Joey positioned it perfectly to create the maelstrom in Bill’s head. It raged there for a minute then he simply said, “You really think this is going to pay off?”
“It’s got a good shot.”
Bill responded in the affirmative by giving Joey the Boulevard Blades gesture of a fist with the thumb jutting out between the index and pointer fingers. Not that they knew it, but it was an actual gesture from the ancient Neapolitan society, meaning “to protect.”
At 4:00 p.m. in the Situation Room beneath the White House, President Mitchell was being pushed to make a decision between two diametrically opposed evils.
The Secretary of State was uncharacteristically lobbying hard to save the life of the man who worked for him. “Mister President, the ambassador is a prime asset of the United States. He is worth every effort to retrieve.”
“Chuck, we can’t negotiate with terrorists. You’ll be setting a precedent that will have every American overseas being kidnapped round the clock,” the Chief of Staff needlessly reminded him. “The only option is military, if we get that lucky. Otherwise, the ambassador is now a combatant and prisoner of war.”
The Secretary of State turned to Mitchell. “Mr. President, how can you sacrifice his life like this?”
“Look, Charles, this ambassador makes over $200,000 dollars a year plus all expenses paid. There are dog faced G.I.s, who are just as valuable to me as he is, who die in shit-holes all over the world and their families barely live at poverty level. So they are both soldiers and, unfortunately, he is as expendable as they are. Chuck, what’s really going on with you? You know the damn policy as well as anyone, yet you continue to lobby for a trade that isn’t going to happen?” The President’s agitation was evident in the way he threw down his pencil.

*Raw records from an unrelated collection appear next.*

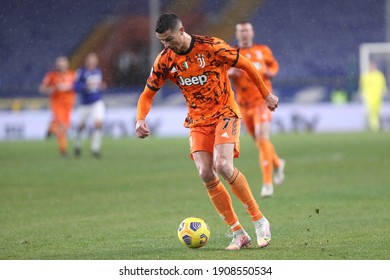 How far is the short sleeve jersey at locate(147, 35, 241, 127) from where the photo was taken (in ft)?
25.8

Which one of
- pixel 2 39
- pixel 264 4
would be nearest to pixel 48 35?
pixel 2 39

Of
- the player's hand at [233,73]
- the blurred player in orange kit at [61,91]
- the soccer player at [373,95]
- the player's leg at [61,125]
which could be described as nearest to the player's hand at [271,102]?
the player's hand at [233,73]

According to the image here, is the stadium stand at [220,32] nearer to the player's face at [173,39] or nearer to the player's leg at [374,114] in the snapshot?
the player's leg at [374,114]

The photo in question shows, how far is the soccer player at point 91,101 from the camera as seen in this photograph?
2138cm

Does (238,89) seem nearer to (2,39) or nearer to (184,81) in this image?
(184,81)

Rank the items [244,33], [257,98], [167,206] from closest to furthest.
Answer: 1. [167,206]
2. [244,33]
3. [257,98]

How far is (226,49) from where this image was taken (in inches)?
310

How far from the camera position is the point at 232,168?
790cm

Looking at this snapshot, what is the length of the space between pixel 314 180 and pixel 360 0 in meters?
20.0

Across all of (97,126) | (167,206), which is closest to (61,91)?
(97,126)

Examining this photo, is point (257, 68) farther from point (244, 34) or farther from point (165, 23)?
point (165, 23)

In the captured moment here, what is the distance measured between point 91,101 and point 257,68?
32.2 ft

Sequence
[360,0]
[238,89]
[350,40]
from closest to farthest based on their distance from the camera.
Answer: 1. [238,89]
2. [360,0]
3. [350,40]

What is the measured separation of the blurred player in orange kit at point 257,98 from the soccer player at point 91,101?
8.62 m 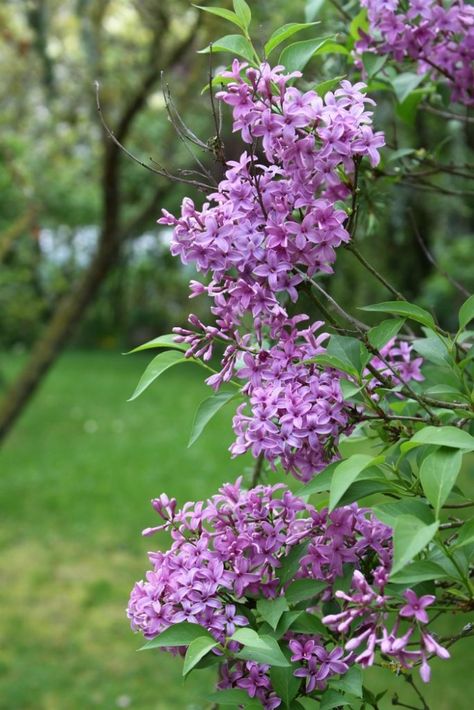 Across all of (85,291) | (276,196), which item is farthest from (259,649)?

“I pushed Greely into this post, sir. He wanted out and I personally strong-armed him to take another tour. He is a close personal friend of Saudi Prince Ramalli; they were roommates at Choate. I needed him in that post as part of my mid-east initiative.”
“God damn it, Charles, then get your head out of your ass. We send people to dangerous places and into jeopardy all the time. It may be a first for you, but, trust me, the bad news is you have to live with it.”
Chapter Twelve
Brooke took a deep breath as her hand rested on the latch to the Sheik’s cell. She hoped this would be the last time she’d have to do this. She hated it. But it was working. The last time, he wet himself as she approached. She wanted to let up on him a little because of it, but that would signal that she was weak. She had double-checked and made sure that she wasn’t hitting him in the same spots. That could result in real injury and cause internal bleeding. She wanted him healthy.
Her hand pushed the door open. “What do you know about this?”
She held up the front page of the N.Y. Post. On it was a frame grab from the Al Jazeera video showing the ambassador blindfolded, the jihad flag and AK 47’s around him, as a knife was near his throat.